Однако эти интонации можно воспринимать не только как обычную грубость, но и как следствие свойственного новой власти авторитарного мышления.
Таким образом, «Торжество земледелия» Заболоцкого, похоже, перекликается не только с федоровской «Философией общего дела», но и с крестьянской поэзией. Вряд ли случайны текстуальные совпадения с есенинскими «Ключами Марии». Скажем, Есенин приводит пример из былины «О хоробром Егории»:
У них волосы — трава,
Телеса — кора древесная.
А у Заболоцкого ПАСТУХ (то есть самый «отсталый», самый патриархальный, еще доземледельческии элемент деревни) говорит о душе в столь же фольклорных терминах:
«Люди, — плачет, — что вы, люди!
Я такая же, как вы,
Только меньше стали груди,
Да прическа из травы».
Но ключевое место и в философии Н.Ф. Федорова, и в крестьянской поэзии занимает тема предков. В поэзии она получает развитие и конкретизацию в теме материнства, ведь мать — это, так сказать, ближайший предок. В крестьянской поэзии (от Есенина до Рубцова) мать всегда является еще и нравственным идеалом («Письмо к матери»). На это «особое» отношение к матери у «есенинствующих» поэтов указал еще В. Ермилов в роковой для Заболоцкого статье «Юродствующая поэзия и поэзия миллионов (о «Торжестве земледелия» Н. Заболоцкого)»1. Он определил это как «монополию на чувства», «заговор чувств».
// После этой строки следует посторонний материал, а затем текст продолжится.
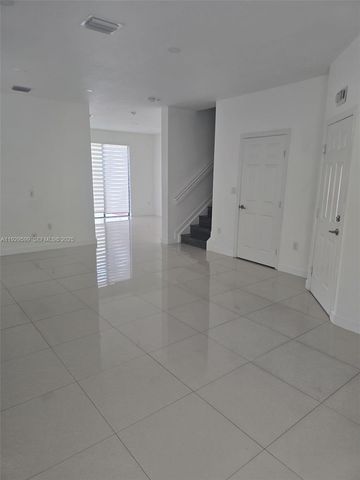 3399 W 90th Ter 0, Hialeah, FL 33018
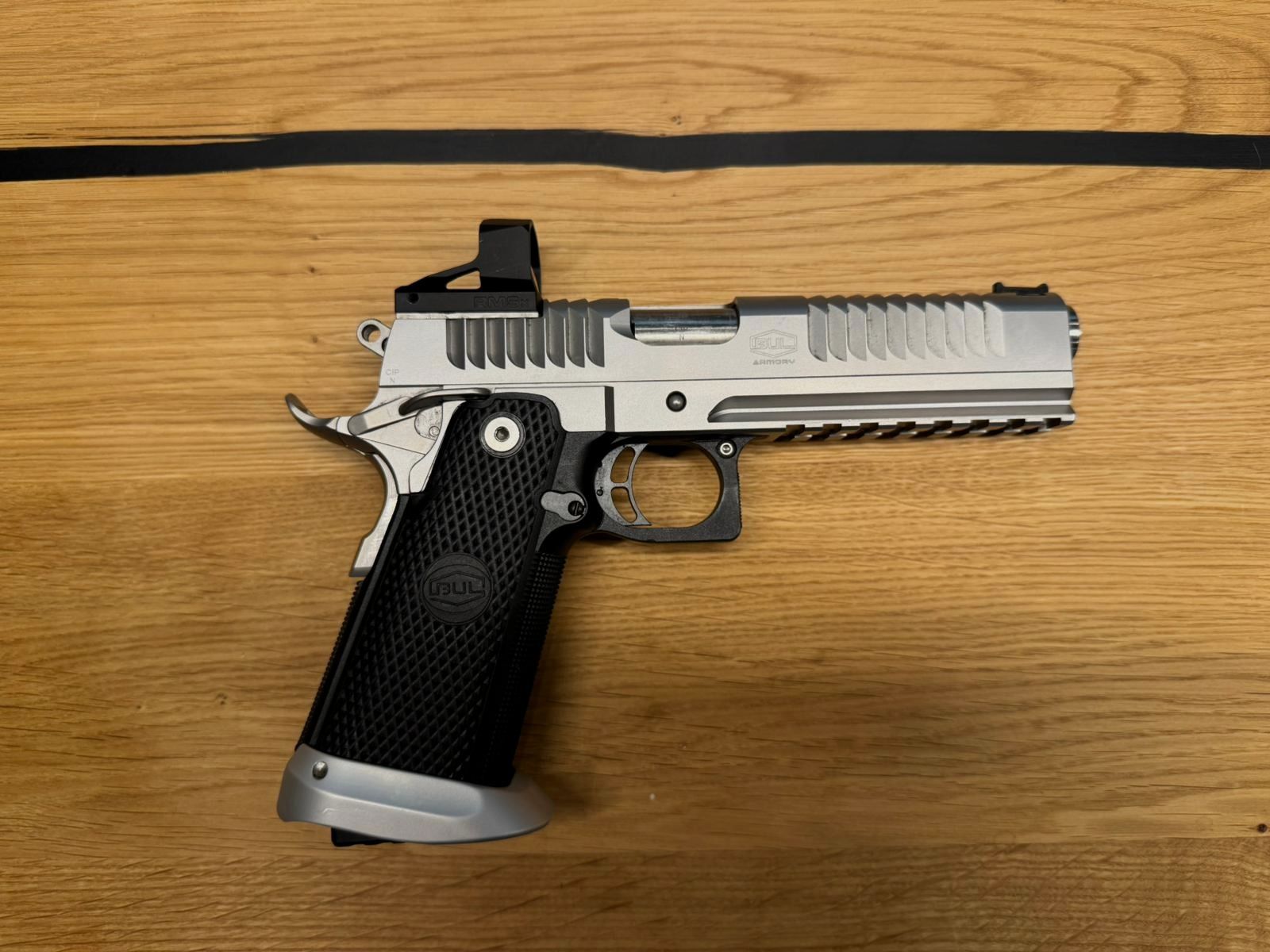 Bul SAS 2 SAW 2011 40 S&W Picatinny opty Reddot IPSC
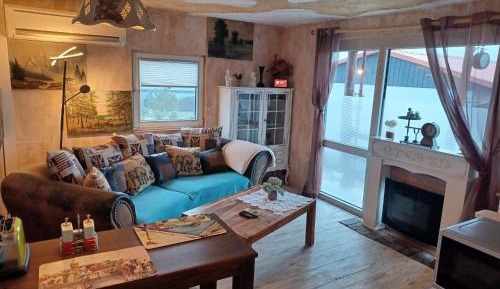 One-Bedroom Bungalow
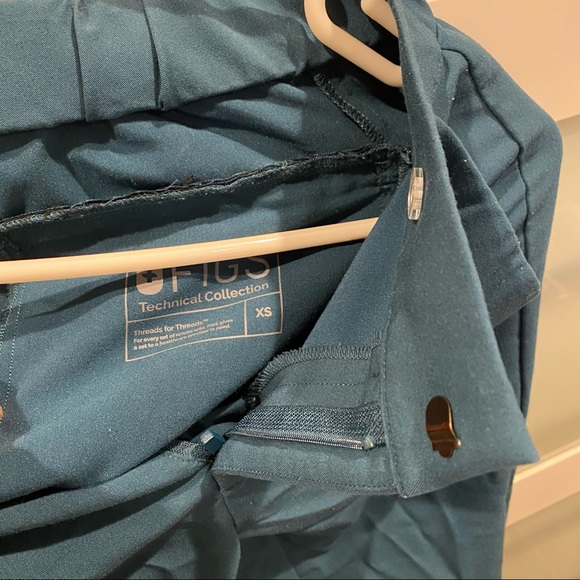 Figs Caribbean Blue Scrub Pants - Picture 3 of 3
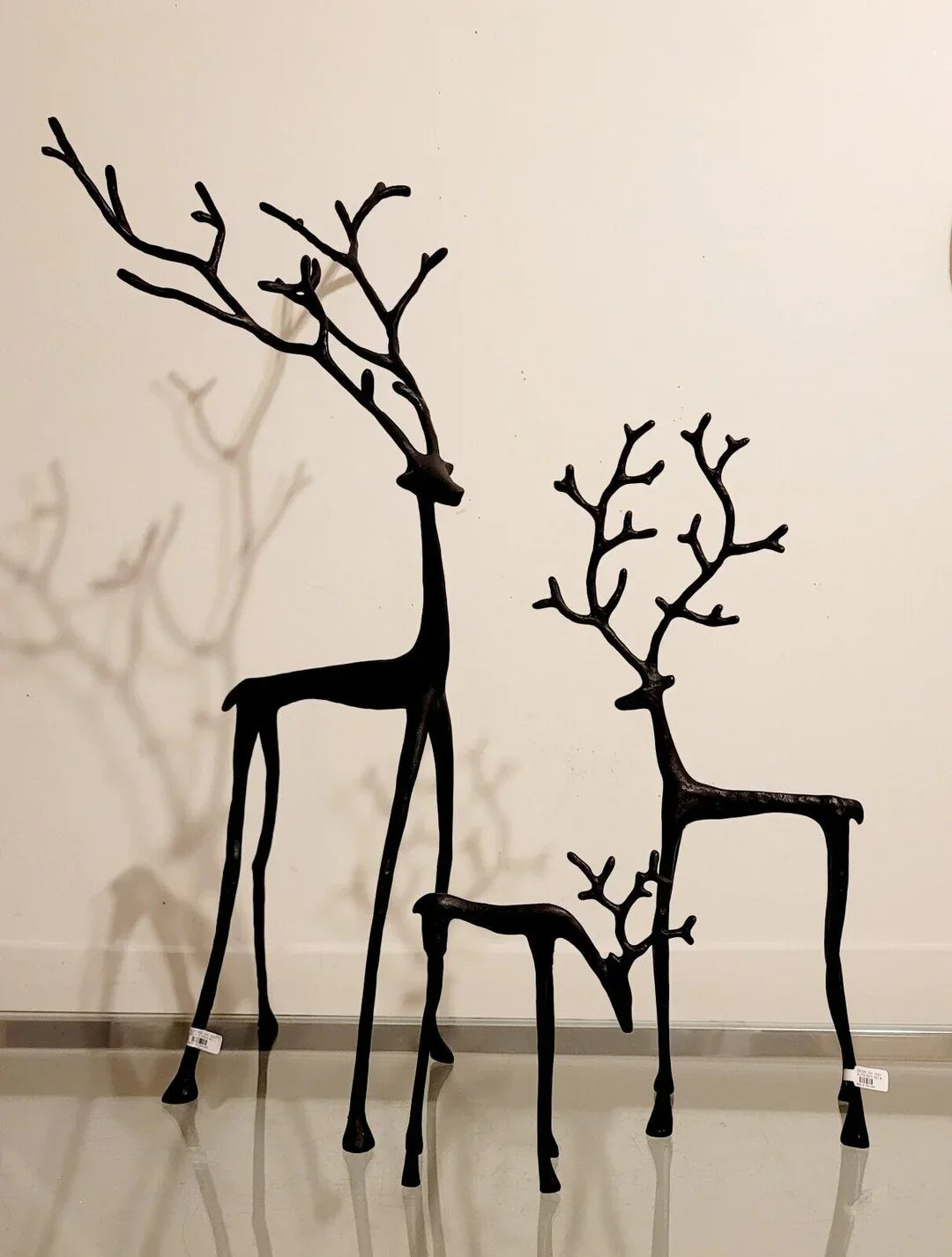 Elantra | Elegante minimalistische hertensculptuur set van 3 – woondecoratie, kerstversiering, woonkameraccent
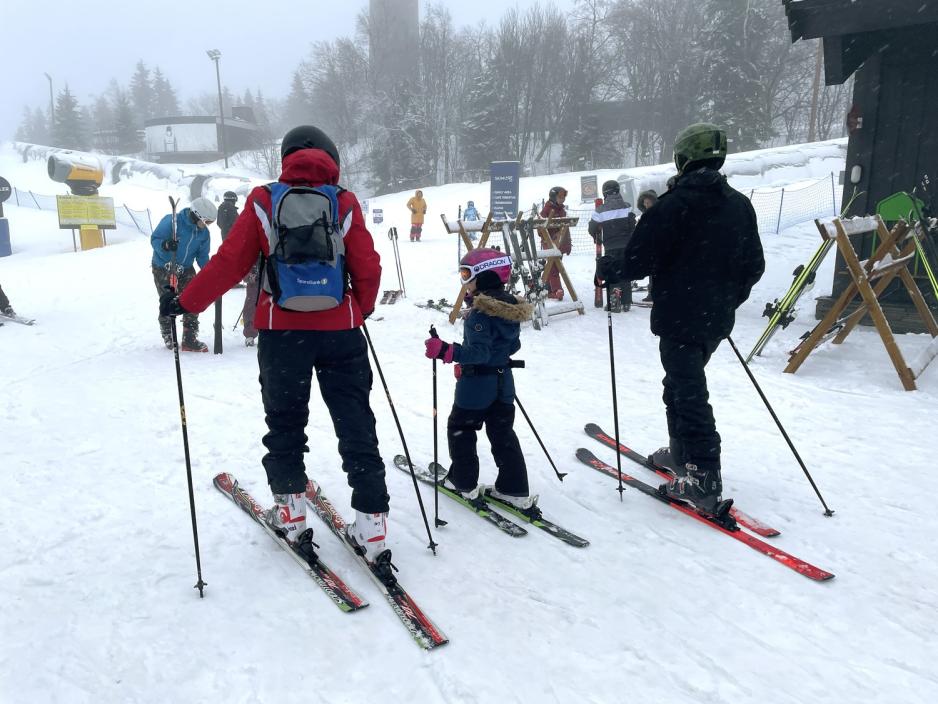 Familie p&aring; ski 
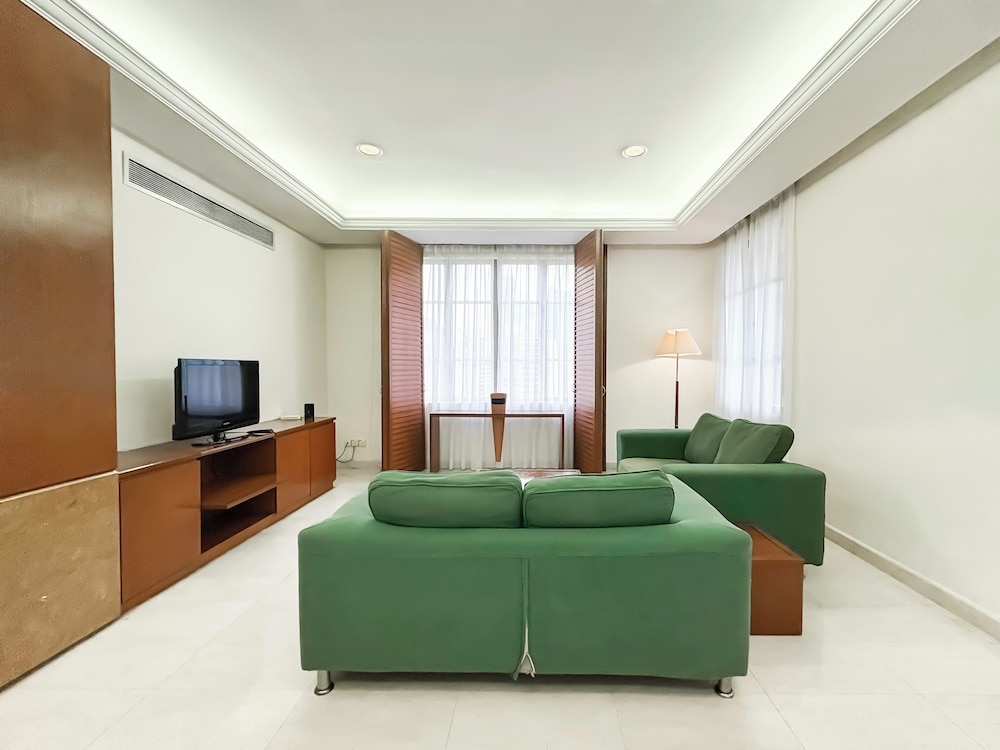 THE MAPLE SUITE 37/50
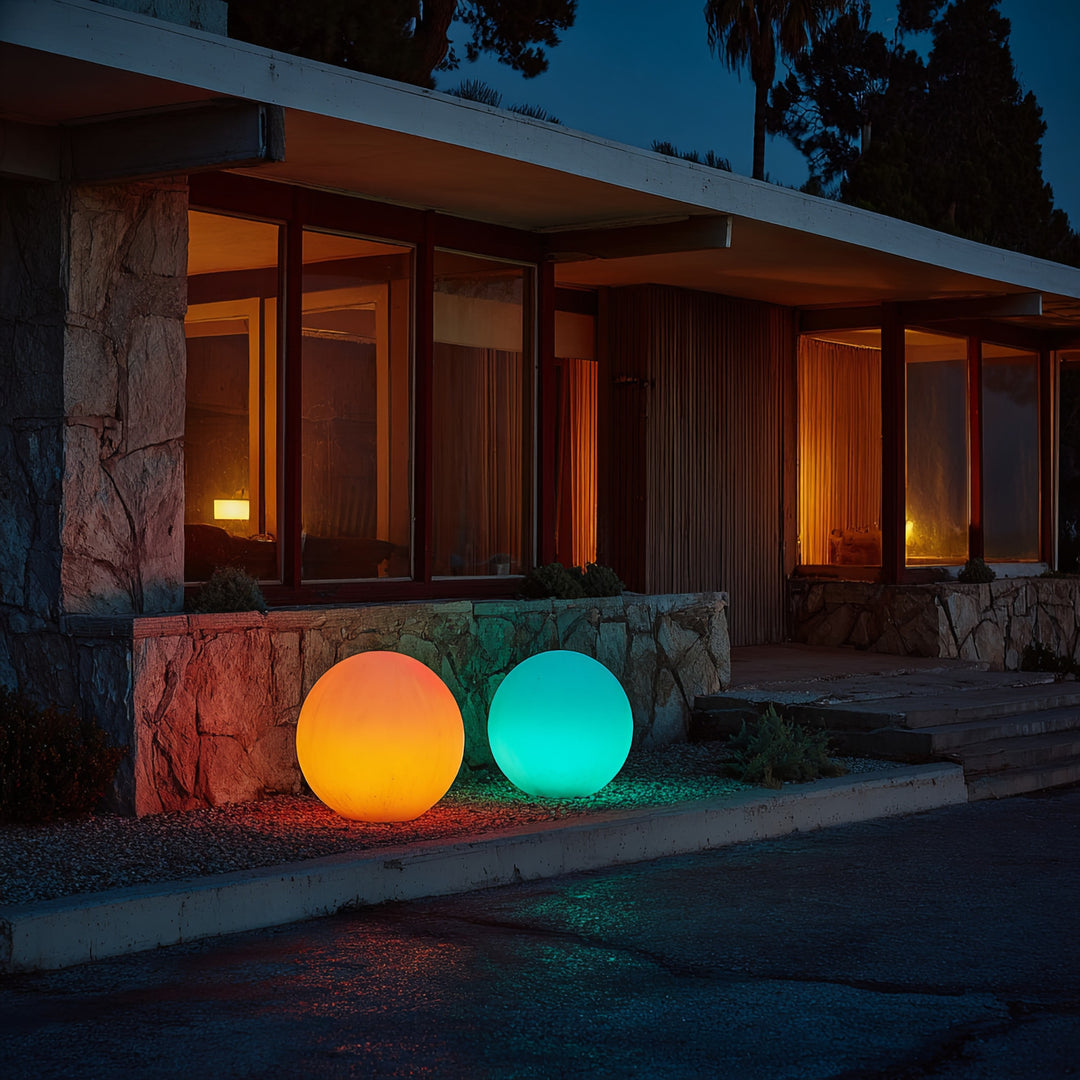 Solarna lampa wolnostojaca ogrodowa GB167 - kula 30x30x63cm, kolorowy LED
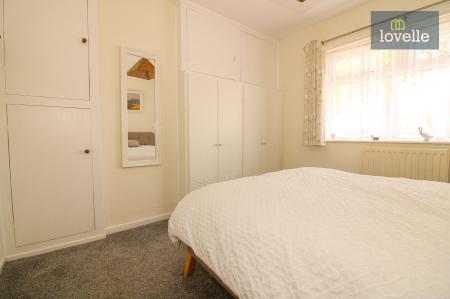 3 bedroom Detached bungalow for sale in Main Road, Covenham St. Bartholomew, LN11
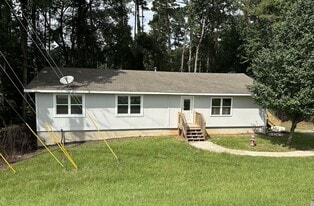 3960 GA-34 in Sharpsburg, GA - Building Photo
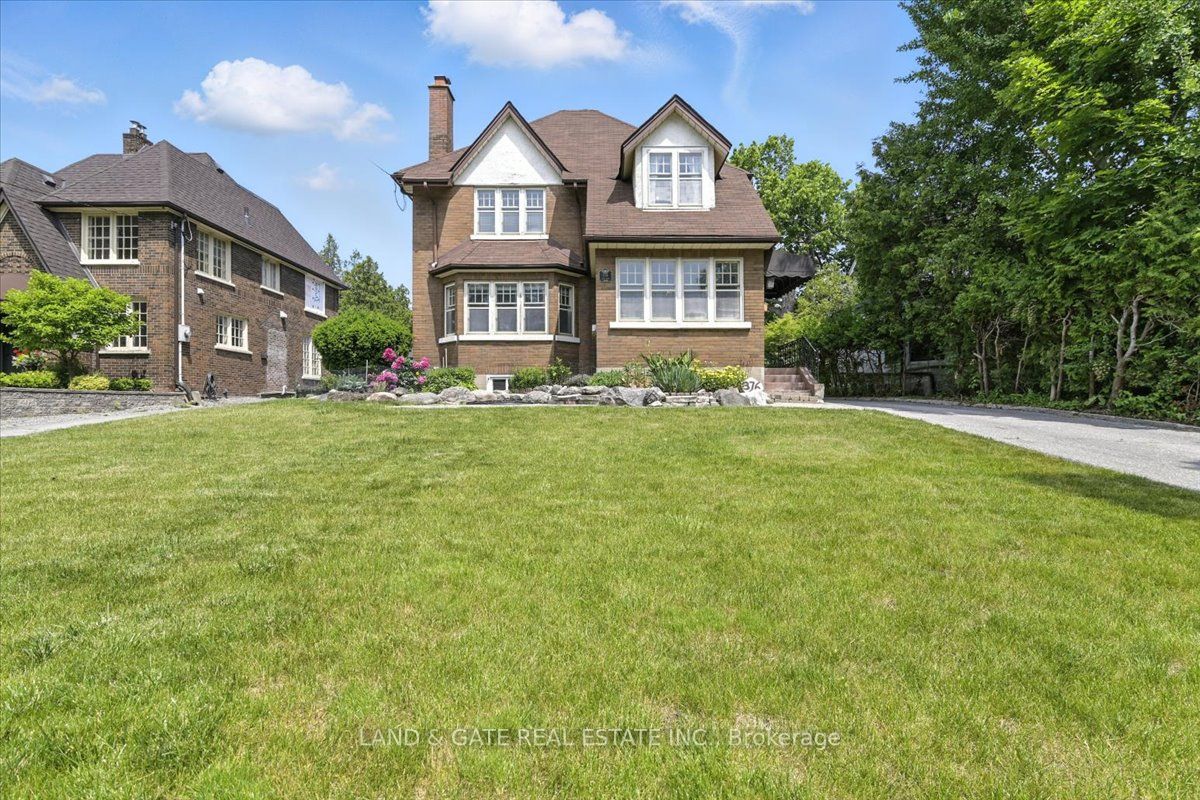 376 King Street E Property Photo 1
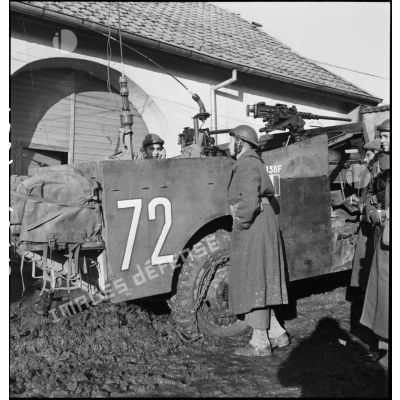 Equipage radio du 3e RSM (régiment de spahis marocains) à bord d'un scout-car M3A1 patrouillant dans le secteur de Villargent.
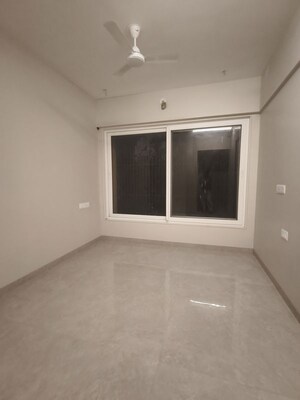 Room in 1 BHK Apartment at Pratham 5TH Element, Andheri West – for Rent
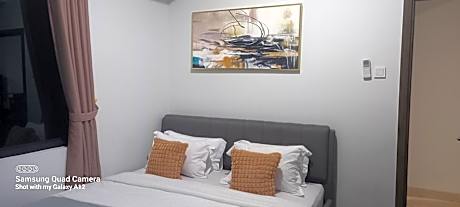 Southgate Residence, Ellegance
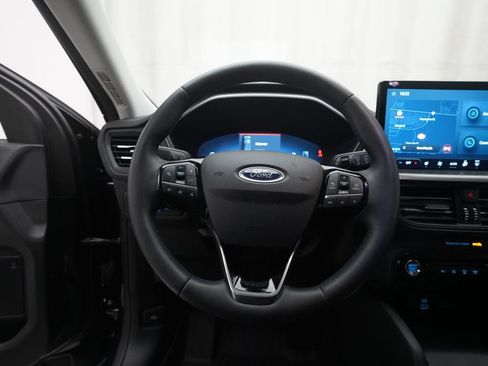 Used 2023 Ford Escape Active w/ Tech Pack #2 AWD/4WD image 4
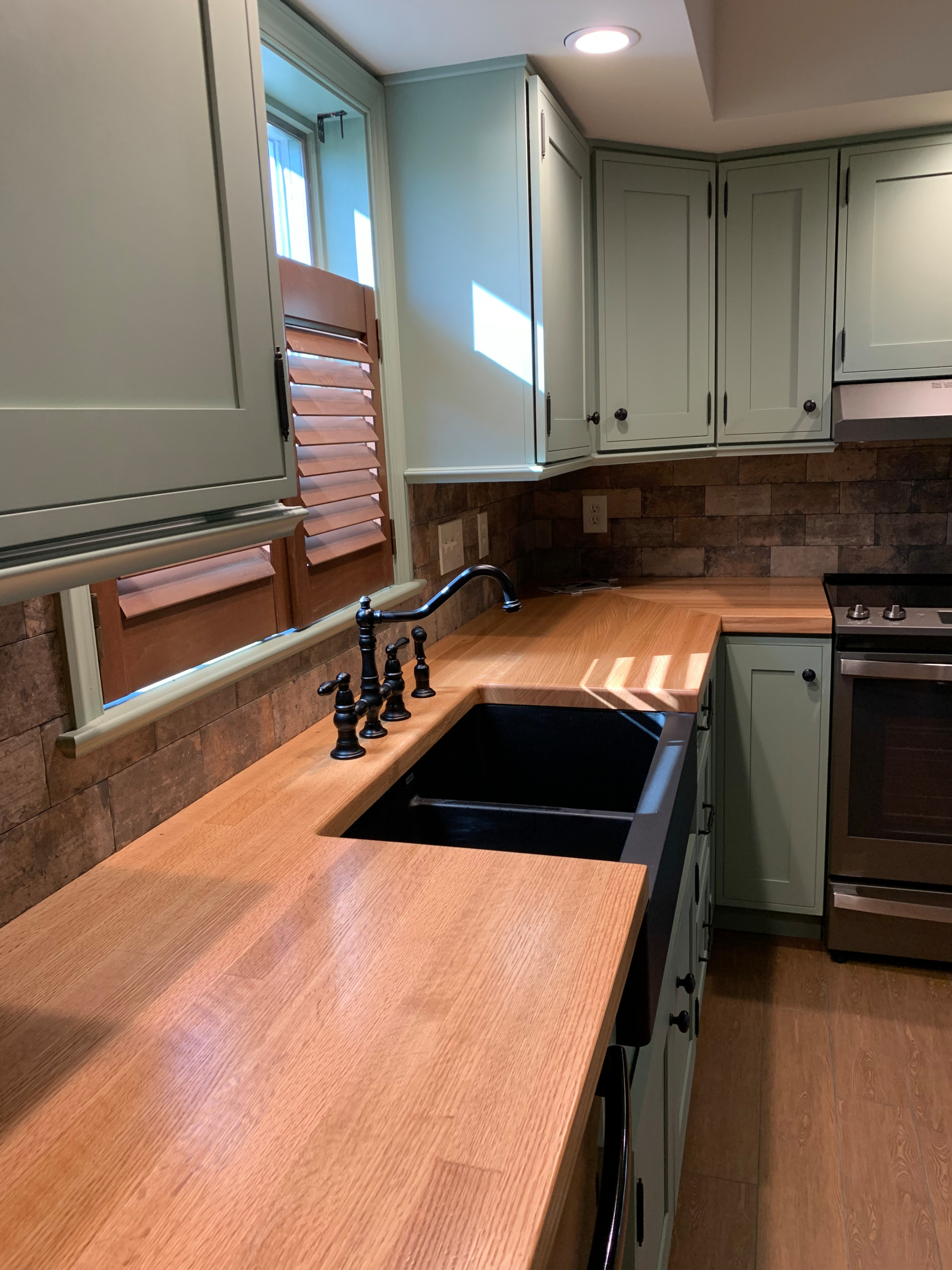 "S" Custom Kitchen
У Заболоцкого же матери отведена чисто функциональная, приземленно-физиологическая роль:
...жена не дура,
/Но природы лишь сосуд.
Велика ее фигура,
Два младенца грудь сосут.
Одного под зад ладонью
Держит крепко, а другой,
Наполняя воздух вонью,
На груди лежит дугой.
Столь же различно и изображение этой первичной материнской
функции — процесса деторождения. Например, Н. Клюев в поэме
«Мать Суббота» сравнивает чрево беременной женщины с ульем, который
Двести семьдесят дней
Пестует рой медоносных огней.
И дальше:
Жизнь-пчеловод постучится в леток:
Дескать, проталинка теплит цветок!..
У Заболоцкого смысл этого процесса федоровские ПРЕДКИ растолковывают СОЛДАТУ на понятном тому «механистическом» языке:
Объясняем: женщин брюхо
Очень сложное на взгляд,
Состоит жилищем духа
Девять месяцев подряд.
Там младенец в позе Будды
Получает форму тела.
Голова его раздута,
Чтобы мысль в ней кипела,
Чтобы пуповины провод,
Крепко вставленный в пупок,
Словно вытянутый хобот,
Не мешал развитью ног.
Здесь нет органики, нет тайны рождения, зато есть рационально сконструированный природой агрегат — «женщин брюхо очень сложное на взгляд», не организм, а прибор, напоминающий колбу, в которой выращивается фаустовский гомункулус. Конечно, не стоит обвинять Заболоцкого в принижении роли женщины, поскольку перед нами скорее не образ, а отвлеченная идея.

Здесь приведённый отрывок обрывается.